See also R v Petrovic unreported Court of Appeal (Vic), 22 October 1988; R v Molesworth unreported Court of Criminal Appeal (NSW), 12 March 1999; Slowiak v R (2000) 116 A Crim R 232. Tadgell JA's remarks relate to the State of Victoria, but are equally apposite to the State of Tasmania. The Criminal Courts of this State are frequently told that the motivation for the commission of a crime or crimes is an addiction to gambling. I might add that with equal frequency, it is said that the motivation for crimes of dishonesty is an addiction to illicit drugs and for crimes of violence, an addiction to alcohol. In the latter two cases, although not irrelevant, the courts generally have refused to regard those addictions as circumstances of mitigation.
In DPP v Raddino [2002] VCSA 66 Chernov JA, with whose reasons for judgment the other members of the court agreed, referred to both Southwell J's observations and Tadgell JA's comments and noted at par26, that in appropriate circumstances, a gambling addiction might be treated as a mitigating factor, but more often than not it comes down to what weight should be given to such factor in the individual case. The judgment expressly acknowledged as correct, the proposition espoused by Tadgell JA that it is important the public does not assume that if there is a causal relationship between the commission of the crime and an addiction to gambling, even a pathological one, it will on that account, necessarily be immune from punishment by imprisonment.
In my view, the applicant's addiction to gambling has very little weight as a circumstance of mitigation. According to the applicant's counsel in the court of petty sessions, the applicant had been an addicted gambler for many years before the commission of these offences. During that time his addiction did not lead him to the commission of crime. The applicant took no step to cease offending prior to detection. This was not withstanding the query raised by the Department of Social Security in September 2000, and the several letters from the Department reminding the applicant of his obligation to declare income earned. Further, the applicant did not make any serious or sustained attempt to overcome his addiction until after the offences were detected.
Although the applicant had one prior conviction for an offence of dishonesty it was in 1988 and, as the learned magistrate noted, "of peripheral relevance". Apart from that, the material put before the learned magistrate showed that the applicant was generally of good character and a worthwhile contributor to the community.
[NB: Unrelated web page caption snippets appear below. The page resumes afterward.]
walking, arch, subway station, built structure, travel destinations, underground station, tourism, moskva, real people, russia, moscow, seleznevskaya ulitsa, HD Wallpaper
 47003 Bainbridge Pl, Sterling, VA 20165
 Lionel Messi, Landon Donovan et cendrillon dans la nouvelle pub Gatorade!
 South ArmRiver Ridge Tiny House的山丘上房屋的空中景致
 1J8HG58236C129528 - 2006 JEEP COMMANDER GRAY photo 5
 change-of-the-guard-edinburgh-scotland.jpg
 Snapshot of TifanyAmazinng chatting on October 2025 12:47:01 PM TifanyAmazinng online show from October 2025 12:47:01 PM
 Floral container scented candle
There was material indicating remorse, at least after the offences had been detected, and I accept the submission of Mr Brett, who appeared as counsel on this motion to review, that the prospects of rehabilitation were shown to have been good.
Notwithstanding the relevance of these mitigatory matters, the applicant persisted with his fraudulent conduct for a very substantial period of time and thereby dishonestly obtained a substantial sum of money. This unlawful conduct calls for the imposition of a penalty that will act as a general deterrent for the reasons articulated in the cases to which I have referred, and by the learned magistrate in his comments on passing sentence when he said:
"I observe that these offences are serious. They are difficult to detect. They are common place or prevalent and they result in an unauthorised diversion of funds from the Commonwealth to those are not entitled to receive them. As such they not only result in the payment of funds that have not been authorised, but offences of this type undermine public confidence in the Social Security system of this country."
The sentence imposed was not only within the proper exercise of the sentencing discretion, it was in my view one that was entirely appropriate to the circumstances of the case. The appeal is dismissed.